Educating companies on keeping employees safe

Medical professionals are also trying to help companies understand not only what’s happening during the pandemic but how to keep employees safe in general. 

Companies have reached out to Bon Secours to perform on-site temperature checks, screenings and education on the correct usage of PPE, says Denise Diaz, director of business health services at Bon Secours. 

“Mostly, companies are looking for preventative services, so they want to be proactive instead of reactive when it comes to health care,” says Diaz.

But there are other topics outside of COVID-19 that the Bon Secours team tries to educate companies on as well.  

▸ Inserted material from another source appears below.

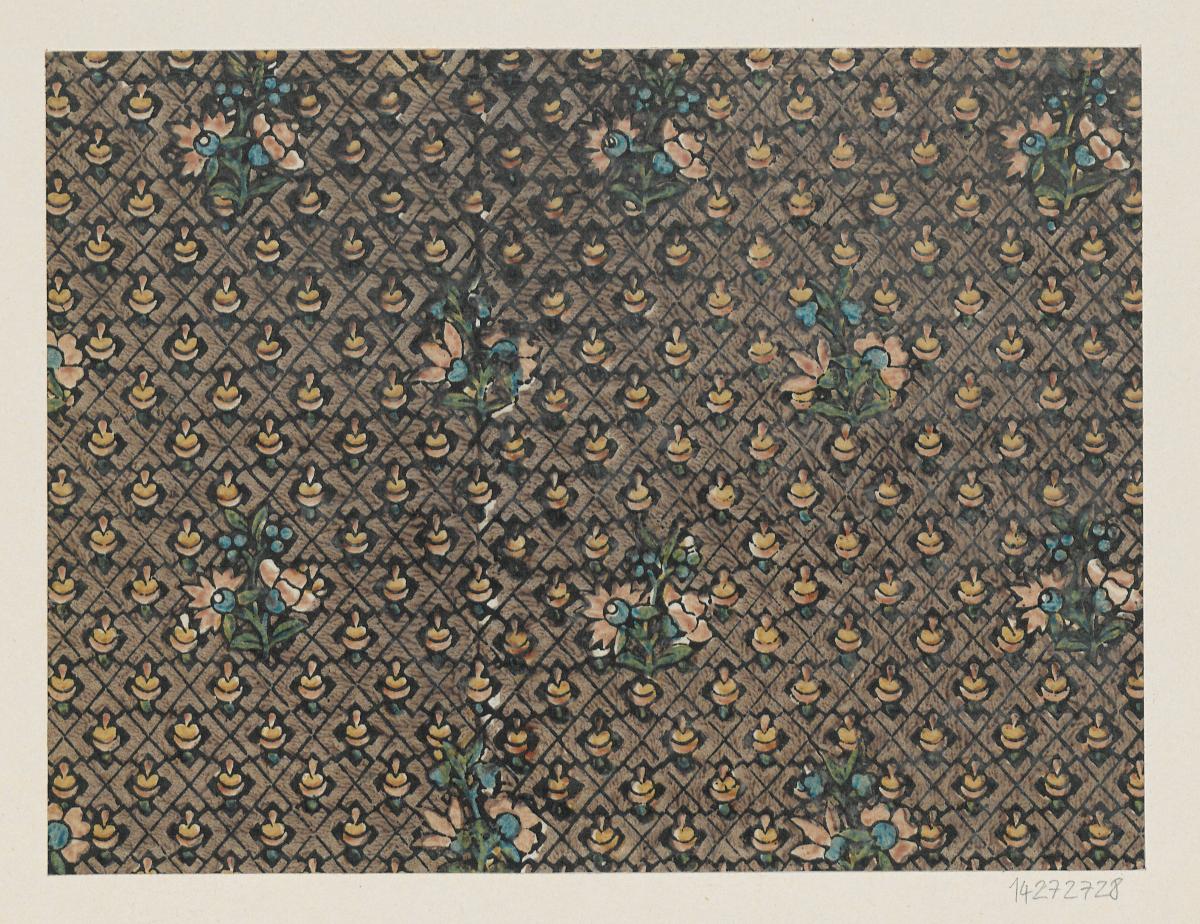 Modeldruckpapier (Gitterdekor mit floralen Motiven)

“I try to encourage [companies] to cross-train people, so that somebody is not doing the same thing, making the same widget using the same motion 10 hours a day, five days a week, 12 months a year,” says Bon Secours’ Dr. James Oliver who works with Diaz and provides medical assistance to the health system’s business partners. “Some companies wisely rotate jobs and rotate them according to mechanical use, so that [the employee is] not overusing certain parts of their body.”

Health care, the workplace and the future

The health care policies and benefit programs offered by companies are also getting a once-over. HR professionals have seen their jobs drastically change in 2020, not only having to come up with new work-from-home policies but also navigating health protocols to ensure a healthy work environment and access to adequate care.

“There’s a lot of employee assistance programs in corporate benefits where employees are able to speak with professionals around mental health, stress and anxiety,” says Matt Wilson of Scott Benefit Services, a company that provides support to Greenville and Spartanburg area companies. The use of those programs has “skyrocketed,” he said.

At Prisma Health, Kelly Crocker, director of benefits, says the three priorities the health system are sticking with going into 2021 are virtual access to providers, expanding total wellbeing initiatives and expanding their financial wellbeing programs. The financial wellbeing aspect includes helping connect employees with vendors that could help with debt consolidation and student loan assistance. “It’s all around finding the right access for them,” Crocker says.

For changes in health care policies, Leslie Hayes, founder and president of The Hayes Approach, an HR consulting firm in Greenville, says many of her clients, which are small to mid-sized businesses, are just trying to weather the storm at the moment. That may change when companies start to renew their benefits packages in the next year.

What is critical now is safety in the workplace, which is the focus of daily conversations with clients, says Hayes. “If you’re running a warehouse, you can’t drive forklifts from the house. So how do we keep people safe, how do we get the work done — things as seemingly simple as how do we perform a two-person lift on a heavy item in a warehouse if two people have to be 6 feet apart at all times?”

Pandemic aside, Wilson says there are two important things for companies to be doing when it comes to possibly reassessing their benefits package for employees: understand how the benefits offered will marry up with business goals and strategy and make sure employees are educated about health care. He also recommends diving more into health care data: “Without great data, it’s hard to make great decisions.”

Hayes says HR professionals are seeing more creative solutions working with primary care services directly. She says there are bound to be more varieties of those choices to allow people to receive more affordable health care services. Hayes mentions the rise in telehealth has also changed how health care is delivered.

“I think all of that is going to inform the way that the health insurance companies position their plans, and the way that health plans are structured and delivered,” she says.